Wie heißt es so schön in der Gewaltfreien Kommunikation? Konflikte exisitieren immer auf Strategie-Ebene, niemals auf Bedürfnis-Ebene. Es sind die Bedürfnisse, wo echte Begegnung stattfindet, wo Verständnis passiert und sich dann Lösungen von Konflikten ergeben. Ich stimme dem zu, ich mache diese Erfahrungen immer wieder – wenn wir uns die Mühe machen und uns wirklich mit den eigenen Bedürfnissen und denen des anderen auseinander setzen, dann sind Konfliktlösungen nachhaltig machbar. Und ich sage auch – oft braucht es mehr, bis diese Begegnung und dieses Einlassen überhaupt möglich ist.

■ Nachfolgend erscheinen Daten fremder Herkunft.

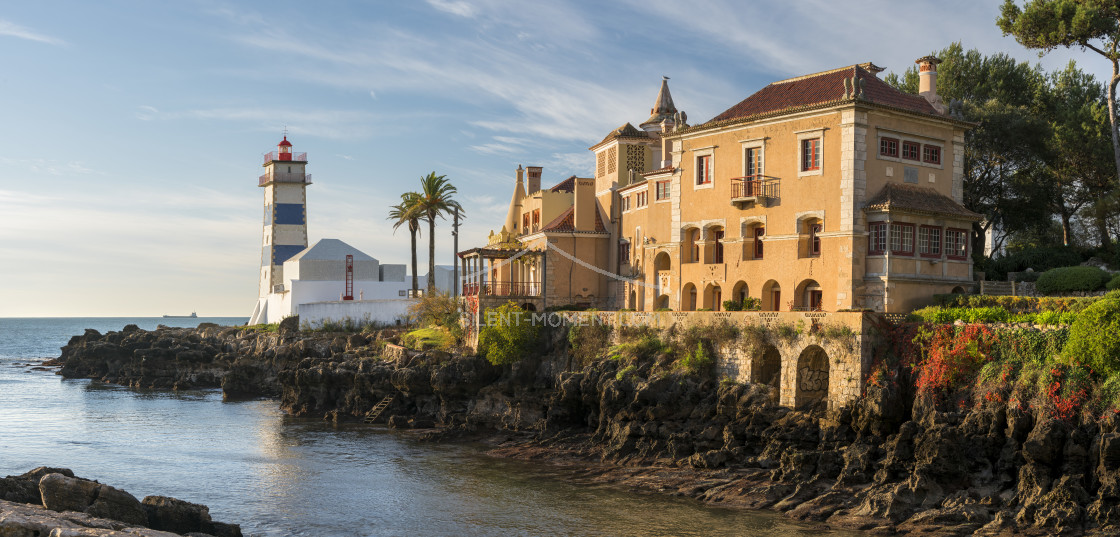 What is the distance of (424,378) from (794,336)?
742 inches

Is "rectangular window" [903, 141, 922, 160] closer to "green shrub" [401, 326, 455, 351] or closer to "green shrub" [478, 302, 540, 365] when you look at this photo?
"green shrub" [478, 302, 540, 365]

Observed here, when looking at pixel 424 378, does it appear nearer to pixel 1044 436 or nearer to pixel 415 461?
pixel 415 461

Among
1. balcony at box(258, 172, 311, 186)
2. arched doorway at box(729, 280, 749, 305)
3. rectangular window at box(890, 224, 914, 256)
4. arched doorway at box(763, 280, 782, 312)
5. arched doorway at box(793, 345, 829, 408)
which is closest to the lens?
arched doorway at box(793, 345, 829, 408)

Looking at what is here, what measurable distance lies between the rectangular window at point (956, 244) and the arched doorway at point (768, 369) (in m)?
9.66

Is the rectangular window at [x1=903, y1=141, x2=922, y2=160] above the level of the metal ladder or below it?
above

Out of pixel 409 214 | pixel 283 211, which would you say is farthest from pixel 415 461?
pixel 283 211

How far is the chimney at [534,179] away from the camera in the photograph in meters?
63.5

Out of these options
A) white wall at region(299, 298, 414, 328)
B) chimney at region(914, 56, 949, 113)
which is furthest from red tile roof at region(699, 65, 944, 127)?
white wall at region(299, 298, 414, 328)

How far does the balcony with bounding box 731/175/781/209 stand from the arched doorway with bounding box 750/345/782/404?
801 centimetres

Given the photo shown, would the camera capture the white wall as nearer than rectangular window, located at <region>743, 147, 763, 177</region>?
No

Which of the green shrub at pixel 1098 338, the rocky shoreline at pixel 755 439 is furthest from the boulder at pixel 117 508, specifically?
the green shrub at pixel 1098 338

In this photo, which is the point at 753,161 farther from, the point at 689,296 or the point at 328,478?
the point at 328,478

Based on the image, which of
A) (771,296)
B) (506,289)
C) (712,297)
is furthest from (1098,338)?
(506,289)

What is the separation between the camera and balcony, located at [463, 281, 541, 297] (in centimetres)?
4941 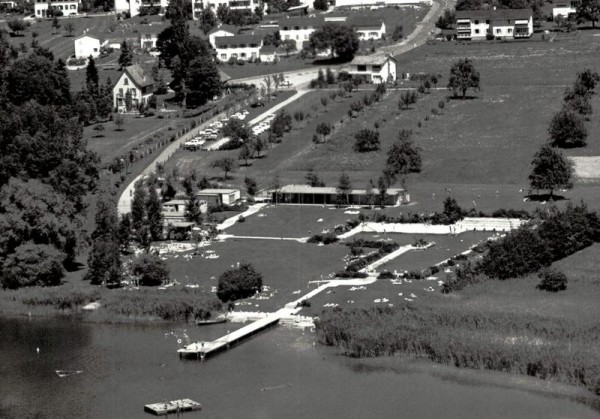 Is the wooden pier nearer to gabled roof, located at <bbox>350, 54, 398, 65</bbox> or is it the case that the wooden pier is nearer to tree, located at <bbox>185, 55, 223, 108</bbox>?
tree, located at <bbox>185, 55, 223, 108</bbox>

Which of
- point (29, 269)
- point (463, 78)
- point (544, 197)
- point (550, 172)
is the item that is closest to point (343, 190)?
point (544, 197)

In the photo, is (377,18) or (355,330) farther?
(377,18)

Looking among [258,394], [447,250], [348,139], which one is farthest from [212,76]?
[258,394]

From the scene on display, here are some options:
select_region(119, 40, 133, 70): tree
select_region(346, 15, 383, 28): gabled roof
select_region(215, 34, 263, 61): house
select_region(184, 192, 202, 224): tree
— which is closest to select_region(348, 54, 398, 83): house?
select_region(215, 34, 263, 61): house

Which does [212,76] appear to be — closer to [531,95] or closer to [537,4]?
[531,95]

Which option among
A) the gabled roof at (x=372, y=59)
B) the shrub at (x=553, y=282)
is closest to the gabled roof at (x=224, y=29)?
the gabled roof at (x=372, y=59)

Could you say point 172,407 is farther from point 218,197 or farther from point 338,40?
point 338,40

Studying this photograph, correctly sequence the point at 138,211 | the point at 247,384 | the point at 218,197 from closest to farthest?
A: the point at 247,384
the point at 138,211
the point at 218,197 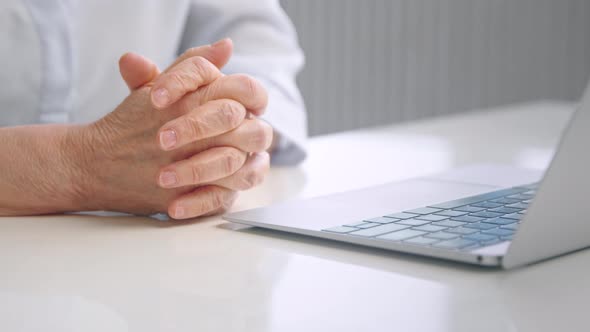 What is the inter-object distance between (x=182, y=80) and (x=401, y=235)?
24 centimetres

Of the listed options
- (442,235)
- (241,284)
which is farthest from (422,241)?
(241,284)

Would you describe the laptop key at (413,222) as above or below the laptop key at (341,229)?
above

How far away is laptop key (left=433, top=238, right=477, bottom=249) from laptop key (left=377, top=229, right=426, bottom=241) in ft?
0.10

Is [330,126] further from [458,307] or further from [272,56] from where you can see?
[458,307]

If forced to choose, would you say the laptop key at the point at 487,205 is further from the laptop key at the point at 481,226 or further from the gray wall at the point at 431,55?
the gray wall at the point at 431,55

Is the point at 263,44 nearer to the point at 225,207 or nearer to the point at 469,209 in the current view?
the point at 225,207

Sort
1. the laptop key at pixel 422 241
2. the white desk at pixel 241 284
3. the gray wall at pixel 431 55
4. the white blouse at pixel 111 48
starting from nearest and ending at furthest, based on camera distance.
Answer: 1. the white desk at pixel 241 284
2. the laptop key at pixel 422 241
3. the white blouse at pixel 111 48
4. the gray wall at pixel 431 55

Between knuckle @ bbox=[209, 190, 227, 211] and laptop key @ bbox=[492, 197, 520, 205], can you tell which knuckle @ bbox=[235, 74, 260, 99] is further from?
laptop key @ bbox=[492, 197, 520, 205]

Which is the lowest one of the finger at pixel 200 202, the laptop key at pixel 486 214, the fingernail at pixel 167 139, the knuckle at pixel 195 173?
the laptop key at pixel 486 214

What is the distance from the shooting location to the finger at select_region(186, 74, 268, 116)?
70cm

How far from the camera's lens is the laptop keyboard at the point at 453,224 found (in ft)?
1.76

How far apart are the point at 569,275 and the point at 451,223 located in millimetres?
95

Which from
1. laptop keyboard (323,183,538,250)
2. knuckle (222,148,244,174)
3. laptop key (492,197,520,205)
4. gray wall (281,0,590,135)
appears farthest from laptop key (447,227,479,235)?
gray wall (281,0,590,135)

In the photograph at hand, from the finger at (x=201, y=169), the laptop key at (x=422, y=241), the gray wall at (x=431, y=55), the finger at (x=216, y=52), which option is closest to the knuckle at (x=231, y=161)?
the finger at (x=201, y=169) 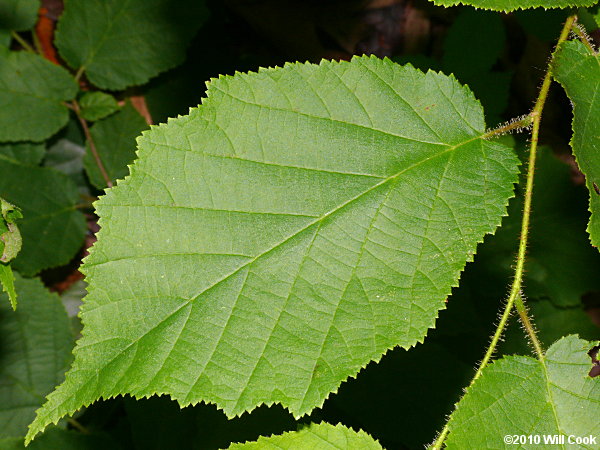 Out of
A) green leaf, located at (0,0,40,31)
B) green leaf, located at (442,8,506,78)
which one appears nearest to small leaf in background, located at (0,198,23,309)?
green leaf, located at (0,0,40,31)

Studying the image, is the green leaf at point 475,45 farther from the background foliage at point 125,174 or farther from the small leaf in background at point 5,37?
the small leaf in background at point 5,37

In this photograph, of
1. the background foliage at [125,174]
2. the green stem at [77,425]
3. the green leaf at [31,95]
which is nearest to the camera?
the background foliage at [125,174]

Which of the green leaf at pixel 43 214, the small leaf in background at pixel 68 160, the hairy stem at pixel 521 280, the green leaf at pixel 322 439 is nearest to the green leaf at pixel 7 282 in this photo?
the green leaf at pixel 322 439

Immer wieder erlebe ich – sei es in der Begleitung von anderen oder sei es bei meinen eigenen Konflikten – dass die tatsächlichen Ursachen mancher Konflikte bei den einzelnen Beteiligten sehr alt sind, manchmal sind es Verletzungen, die wir schon viele Jahre mit uns herum schleppen oder ganz alte Wunden, die durch diesen neuen Konflikt wieder Aufmerksamkeit bekommen und schmerzen. Dann ist der neue Konflikt nur Auslöser für wieder aufgeweckte Schmerzen, die lange zurück liegen: in unserer Kindheit, in früheren Erlebnissen und in alten Begebenheiten. Dann ist alles wieder da was einmal war, dann reagiert unser lymbisches System so, wie es das vor langer Zeit gelernt hat und wir spulen einfach nur noch ein Programm ab, reagieren unbewußt. Manchmal wissen wir, dass wir so reagieren werden oder könnten und dass uns das überhaupt nicht zum Ziel bringt – und tun es trotzdem. Wir steigen quasi, um in einer Metapher zu sprechen, wissenden Auges in Hannover in den Zug nach Köln ein und tragen die Absicht in uns, eigentlich nach Berlin zu wollen, sind sogar zu tiefst davon überzeugt, dass wir auch in Berlin ankommen werden. Heißt übertragen: wir wissen um unsere Verhaltensmuster, die wir in solchen Notsituationen abspulen und habenin dem Moment dennoch nicht die Möglichkeit, irgendwie anders zu agieren.
Diese Art von Konflikten lassen sich nicht einfach durch Klären der Bedürfnisse aller Beteiligten lösen. Hier ist vorher bei den beteiligten Personen eine sehr tiefe, intensive Empathie notwendig. Bei diesen Konflikten brauchen wir voher viel, viel Zeit, um unsere alten Wunden zunächst zu versorgen und Heilung zu erfahren. Das kann manchmal sehr lange Zeit in Anspruch nehmen. Ich finde es wichtig, sich diese Zeit zu nehmen, zuzulassen, dass genau das dann eben so ist, zu akzeptieren, dass nicht jetzt gleich sofort und auf der Stelle der Konflikt gelöst wird. Das bedeutet einerseits, selbst zu anzunehmen, dass man mit diesen alten Wunden jetzt gerade den Konflikt nicht angehen kann. Es bedeutet, sich zu erlauben, jetzt nicht alles lösen zu müssen. Ich darf in solchen Momenten für mich sorgen und mich um meine Bedürfnisse kümmern. Und das bedeutet für den Konfliktbeteiligten auch, in Erwägung zu ziehen, dass es für die andere Person jetzt gerade eben so ist, dass diese Person Zeit benötigt für sich selbst. Manchmal ist es sauschwer, genau diese Offenheit und Freiheit zu leben.Es bedeutet, sich von Schuld und Scham zu lösen: von eigenen Schuldzuweisungen und dem sich-schämen-es-jetzt-nicht-hinzukriegen und auch von den Schuldzuweisungen zum anderen.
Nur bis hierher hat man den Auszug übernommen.